YERELE Yönelik Düşünce ve Öneriler:

- Ramazan ayında gıda paketleri hazırlanıp, çok ihtiyacı olduğunu bildiğimiz ailelere dağıtılabilir.
- Büyük bir iftar sofrası kurulabilir. 
- Heybeliada'nın önemli yapılarından Sanatoryum ve Ruhban Okulu'nun kapatılmasının ardından Deniz Lisesi'nin de kapatılma planları ile Ada, turizm adına boş bir macera alanına dönüşmüş durumdadır. Önümüzdeki yıllarda büyük rant projeleri tehlikesi altındadır. 
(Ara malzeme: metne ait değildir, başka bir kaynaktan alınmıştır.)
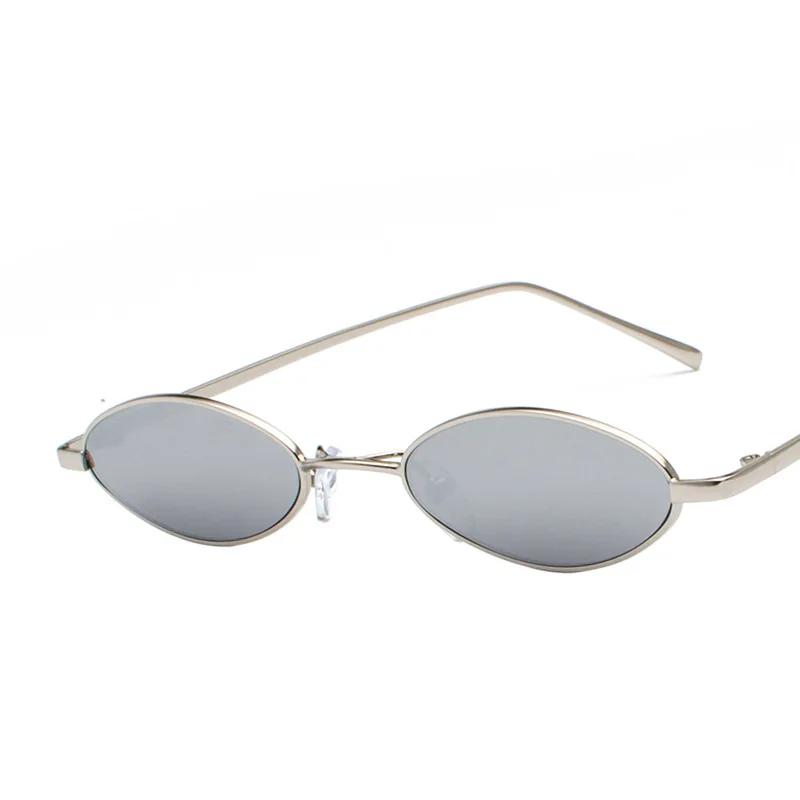YOOSKE маленькие солнцезащитные очки кошачий глаз женские Металлические овальные ретро очки прозрачные женские круглые кошачьи глаза солнцезащитные очки мужские UV400 оттенки - Цвет линз: Silver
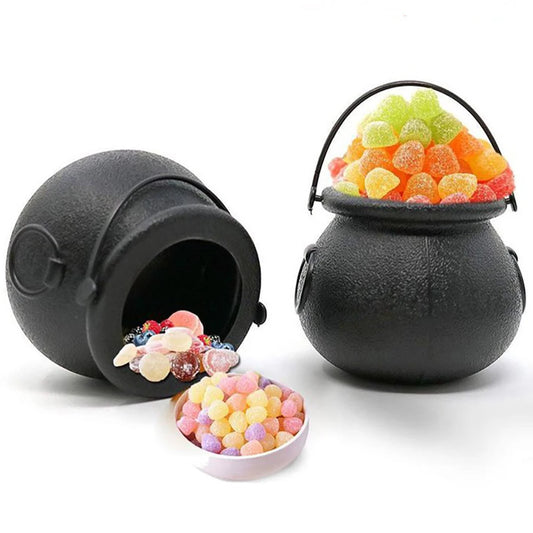 Halloween Witch Cauldron Decoration – Mini Black Plastic Cauldrons & Pumpkin Treat Buckets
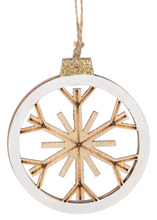 Load image into Gallery viewer, WOODEN SNOWFLAKE ORNAMENT
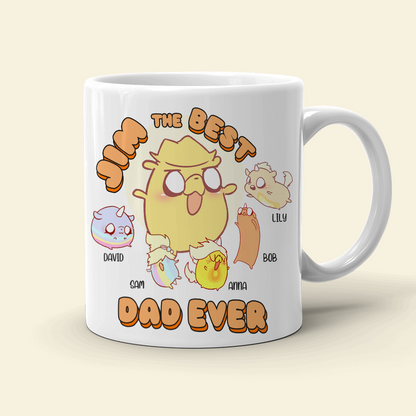 Adventuring Dad Best Dad Ever, Personalized White Mug, Gift for Dad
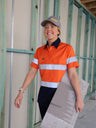 Women's Taped Hi Vis Cool Lightweight Short Sleeve Drill Shirt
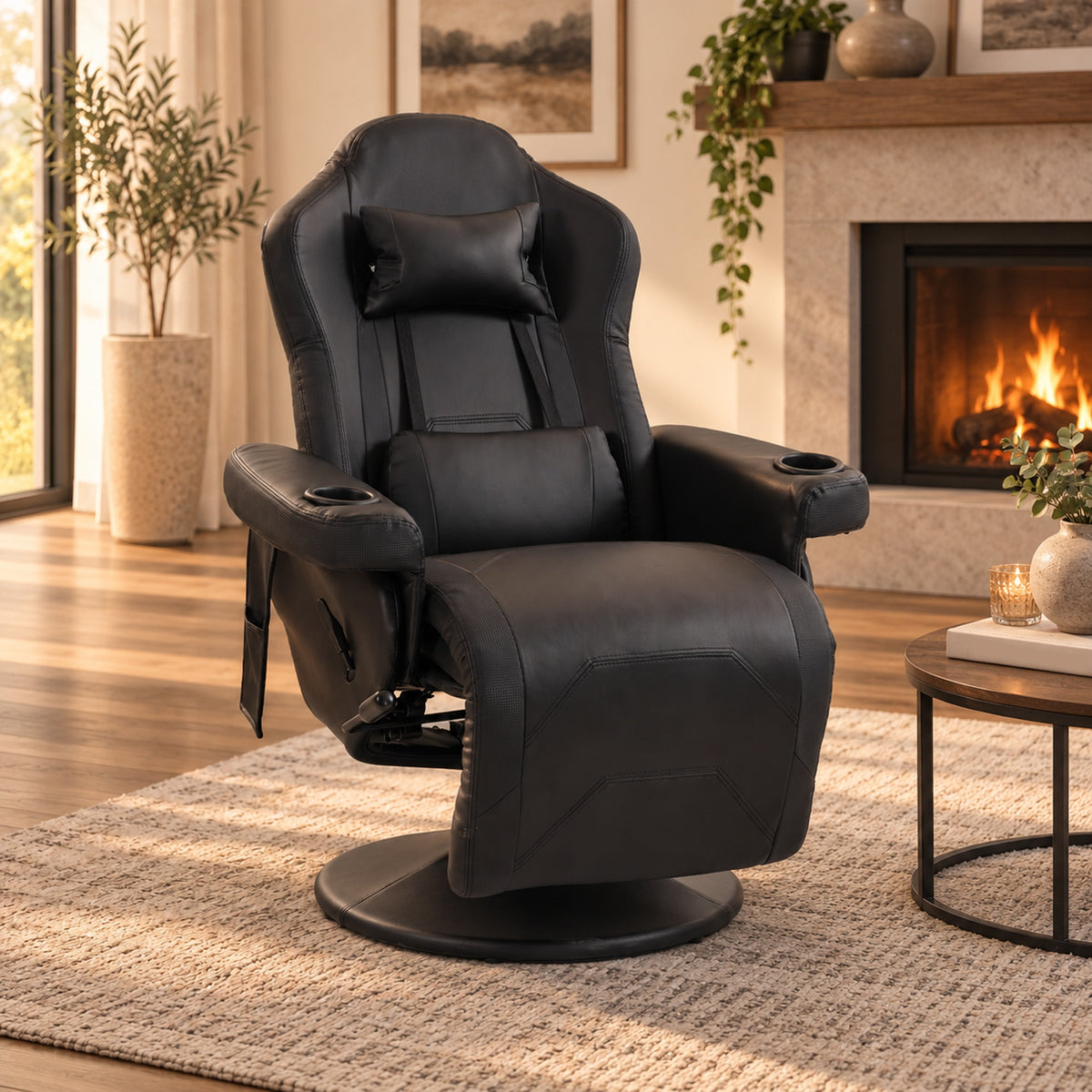 HOMCOM PU Leather Manual Recliner Chair With Adjustable Footrest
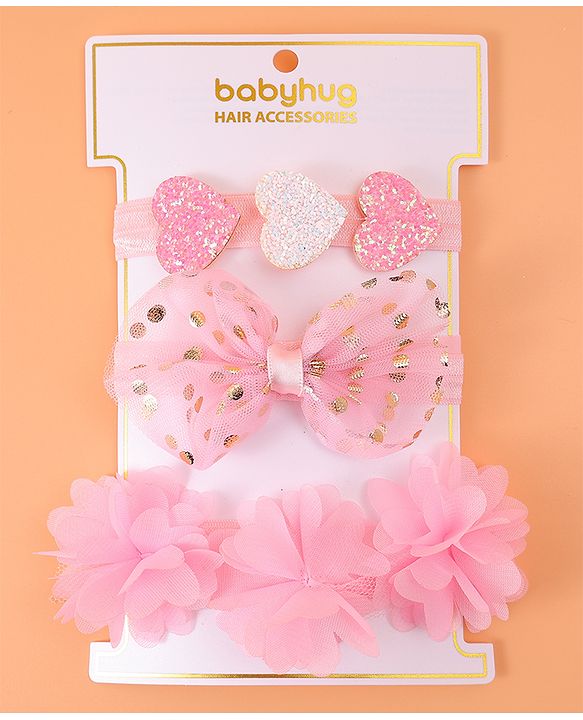 Babyhug Free Size Headbands With Floral Bow & Heart Applique Pack Of 3 - Pink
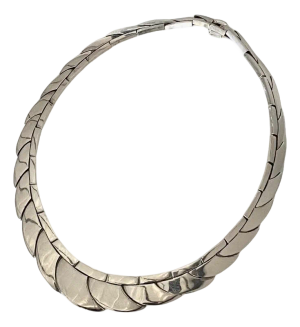 Sterling Silver Taxco Interlocking Shingle Scale Necklace (After Antonio Pineda)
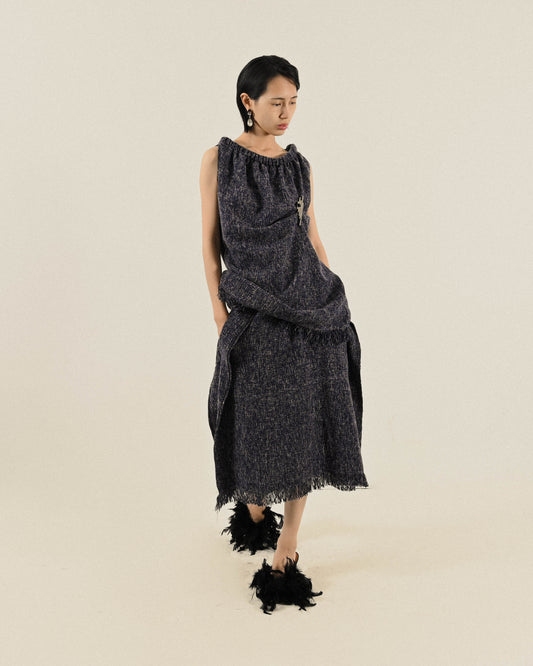 Upcycling流蘇邊緣混色緹花古著套裝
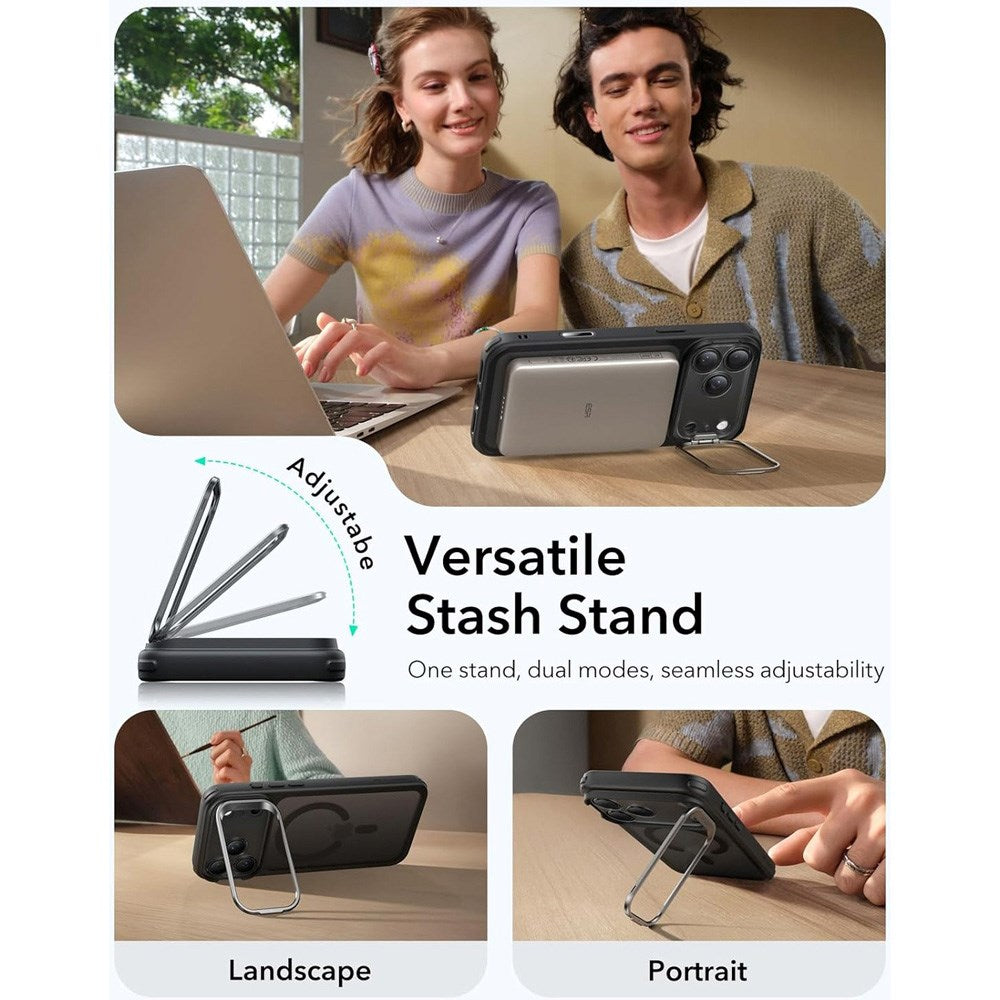 ESR iPhone 17 Pro Classic Hybrid Stash Case med Kickstand - MagSafe Kompatibel - Matt Svart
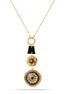 Gold-Tone Metal Flower Black Necklace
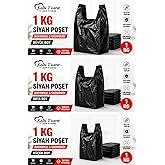 Siyah Kalın Poşet 3'l&uuml; Set (K&uuml;&ccedil;&uuml;k, Orta, B&uuml;y&uuml;k) 3 Kg Market Manav Poşeti Hışır Atlet Poşet &Ccedil;&ouml;p Poşeti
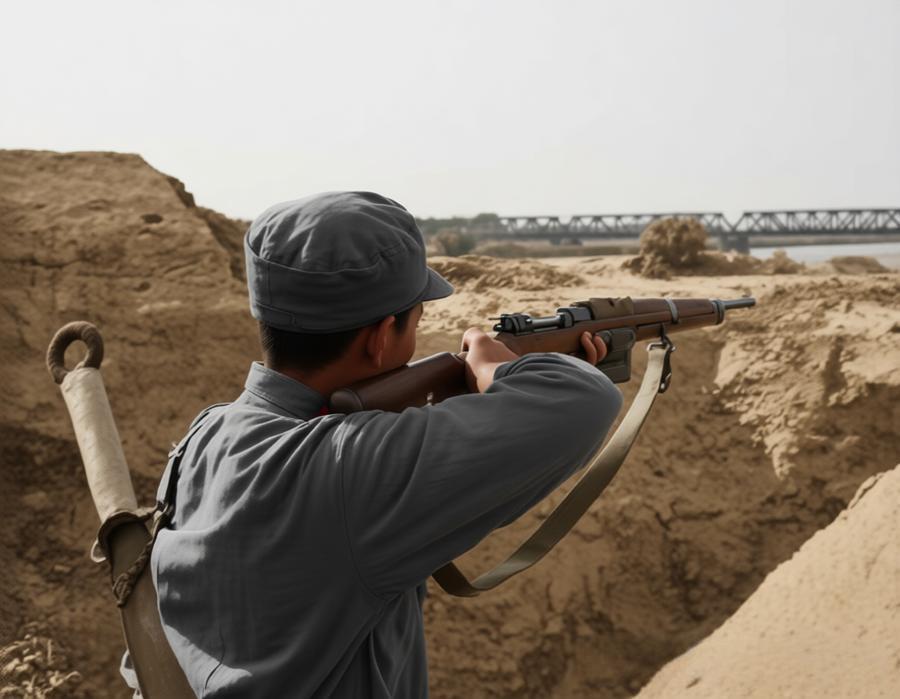 这张战地照片，定格了全面抗战爆发初期，国民革命军第二十九军战士在北平近郊的防御瞬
- Vapur saatleri, özellikle her gün işe ve okula gidip gelen insanlar için bir problem. Vapur ve motor ücretleri de çok yüksek. Diğer adalarla birlikte ortak bir çalışma yapılmalı.
- Tüberküloz tedavi protokolünün değişmesi nedeniyle Sanatoryumun açılması şimdiki sağlık sistemi içinde imkansız. Bunun yanında kesin olmamakla birlikte Sanatoryumun haremlik-selamlık olarak kurulacak bir otel olarak değerlendirileceği belirtildi. 
- Halk Kütüphanesi, Sanatoryum gibi korunması gerekli mekanlar için bir taraftan bilgi toplarken diğer taraftan o alanlarda eylemler yapılmalı. 
- İlk eylem Halk Kütüphane'sinin bahçesinin temizlenmesi, tarih 6 Temmuz 2013. Bu amaçla yaygın duyuru yapılması. 
- Saydam olmayan konuların listesinin çıkarılması. Önce bilgilenme, sonra ilgilenme.
- Sahillerin parsellenmesi Orman ve Bayındırlık Bakanlıklarının kiralama sistemi ile gerçekleşiyor. Milli Emlak ve Belediye de zaman zaman işin içine giriyor. Belediye, Orman Bakanlığından ya da Milli Emlak'tan bir yer kiralıyor, ardından onu başka bir kuruluşa kiraya veriyor ve dolayısıyla para vermeden ne sahile ne ormana girilemiyor.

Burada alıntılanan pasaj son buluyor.